_Work to complete_. A full, word-for-word copy of the listing below is needed; leave the images out of it.

_Material shown_.
◇ ◇ ◇ ◇
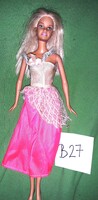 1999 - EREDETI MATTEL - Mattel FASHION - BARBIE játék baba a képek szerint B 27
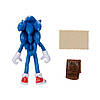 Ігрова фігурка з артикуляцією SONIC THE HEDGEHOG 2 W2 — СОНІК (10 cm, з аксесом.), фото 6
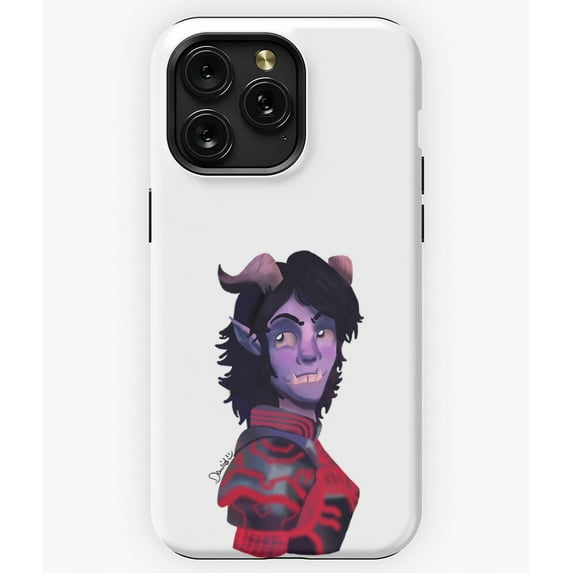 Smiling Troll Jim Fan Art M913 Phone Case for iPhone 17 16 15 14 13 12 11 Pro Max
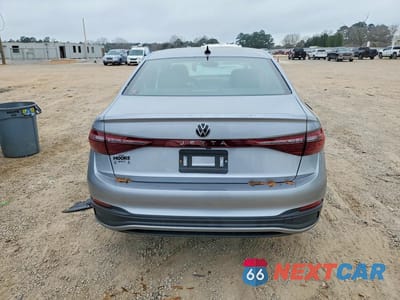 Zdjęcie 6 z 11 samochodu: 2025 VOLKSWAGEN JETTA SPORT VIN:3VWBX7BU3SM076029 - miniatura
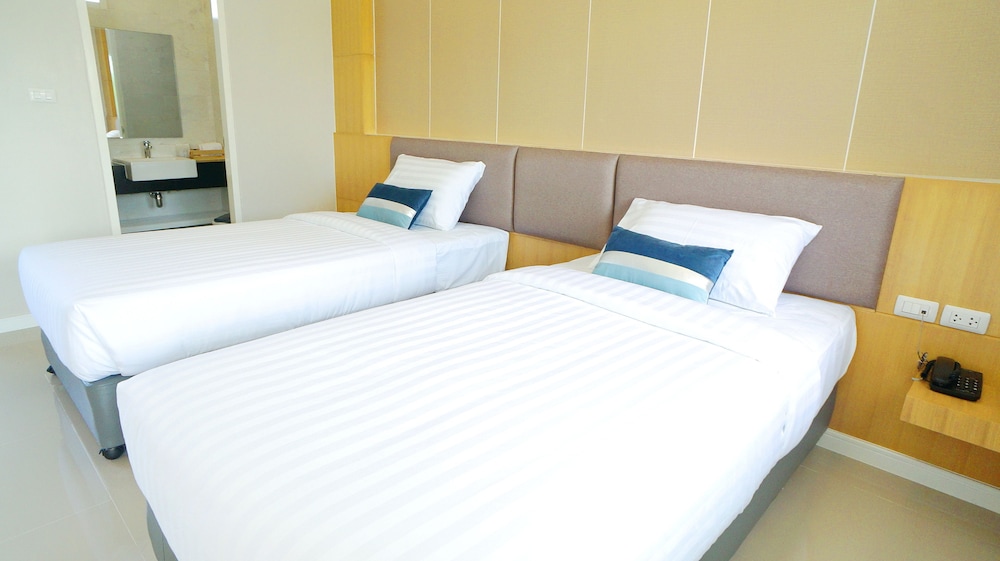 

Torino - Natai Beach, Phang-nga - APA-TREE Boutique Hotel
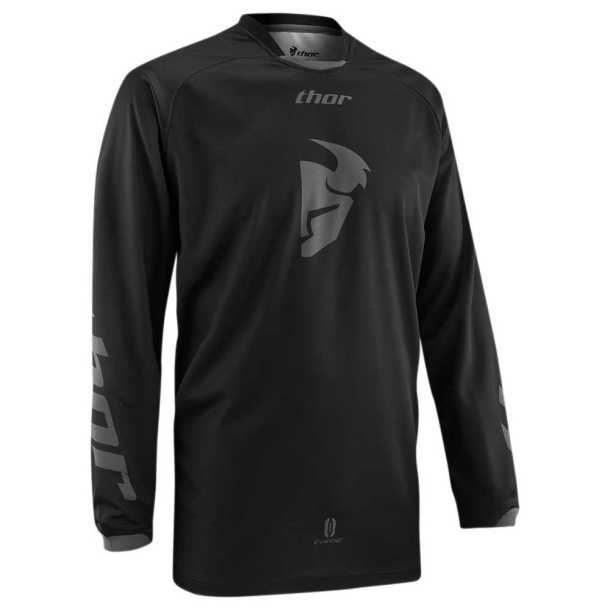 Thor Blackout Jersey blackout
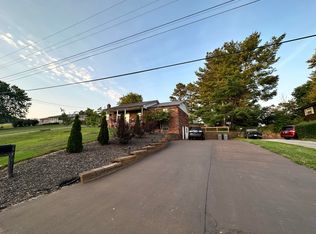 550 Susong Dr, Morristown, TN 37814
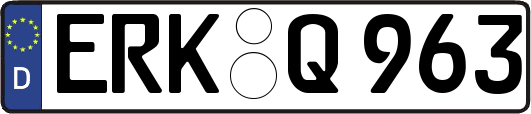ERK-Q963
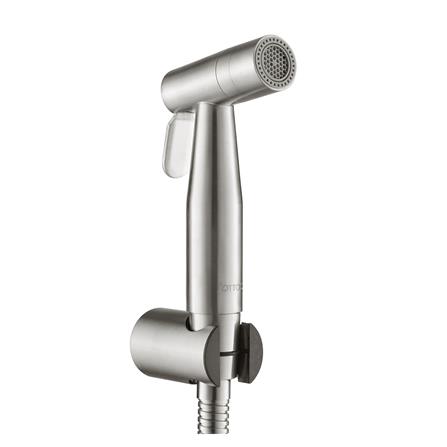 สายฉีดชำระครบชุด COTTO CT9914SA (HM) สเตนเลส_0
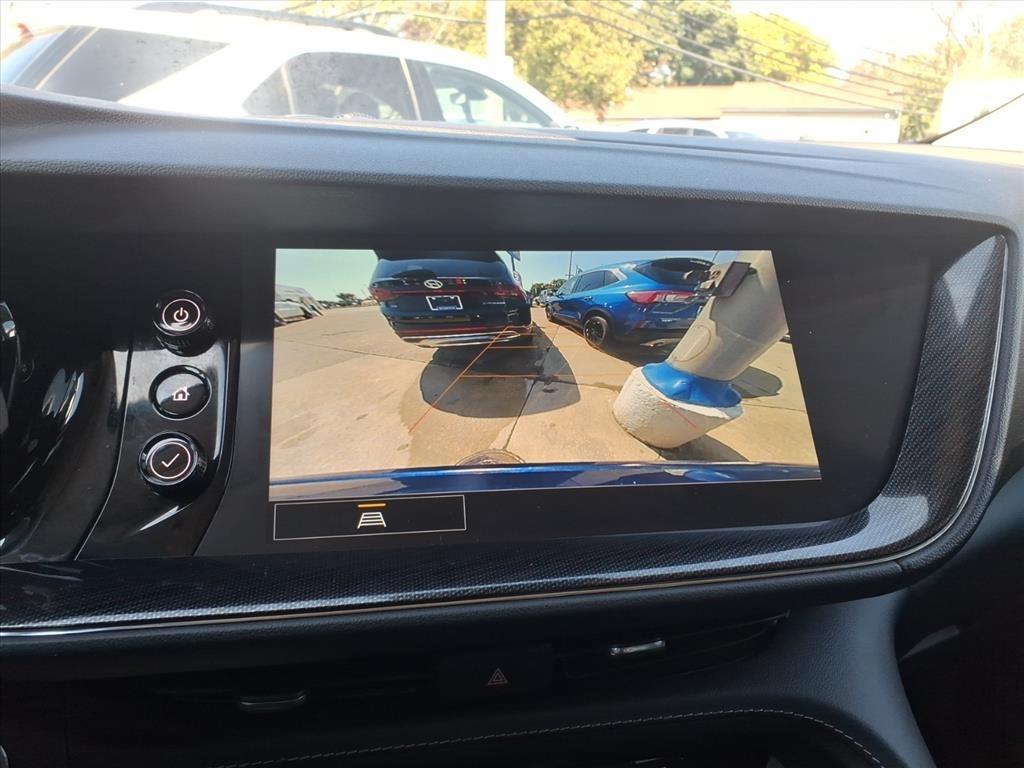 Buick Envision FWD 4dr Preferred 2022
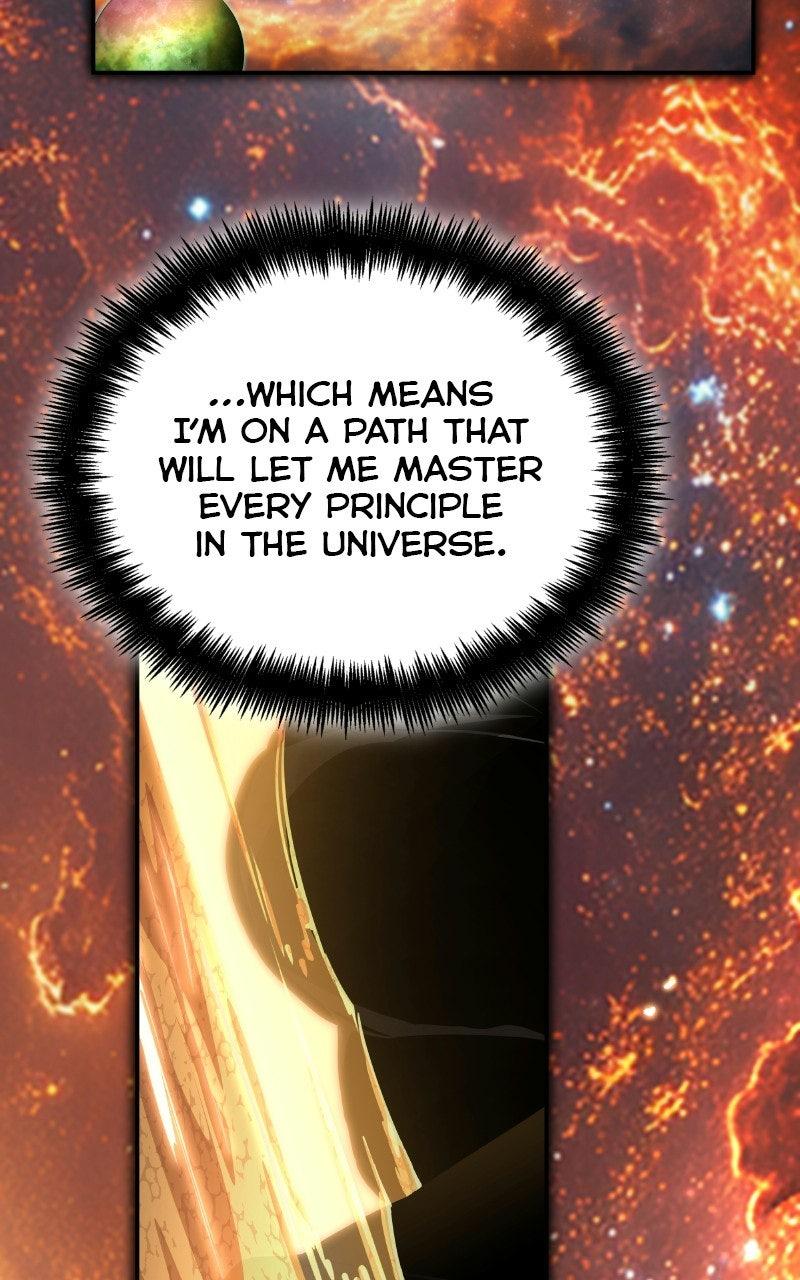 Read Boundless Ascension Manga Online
◇ ◇ ◇ ◇
_Solution for this problem_.
 1999 - EREDETI MATTEL - Mattel FASHION - BARBIE játék baba a képek szerint B 27
 Ігрова фігурка з артикуляцією SONIC THE HEDGEHOG 2 W2 — СОНІК (10 cm, з аксесом.), фото 6
 Smiling Troll Jim Fan Art M913 Phone Case for iPhone 17 16 15 14 13 12 11 Pro Max
 Zdjęcie 6 z 11 samochodu: 2025 VOLKSWAGEN JETTA SPORT VIN:3VWBX7BU3SM076029 - miniatura

Torino - Natai Beach, Phang-nga - APA-TREE Boutique Hotel
 Thor Blackout Jersey blackout
 550 Susong Dr, Morristown, TN 37814
ERK-Q963
 สายฉีดชำระครบชุด COTTO CT9914SA (HM) สเตนเลส_0
 Buick Envision FWD 4dr Preferred 2022
 Read Boundless Ascension Manga Online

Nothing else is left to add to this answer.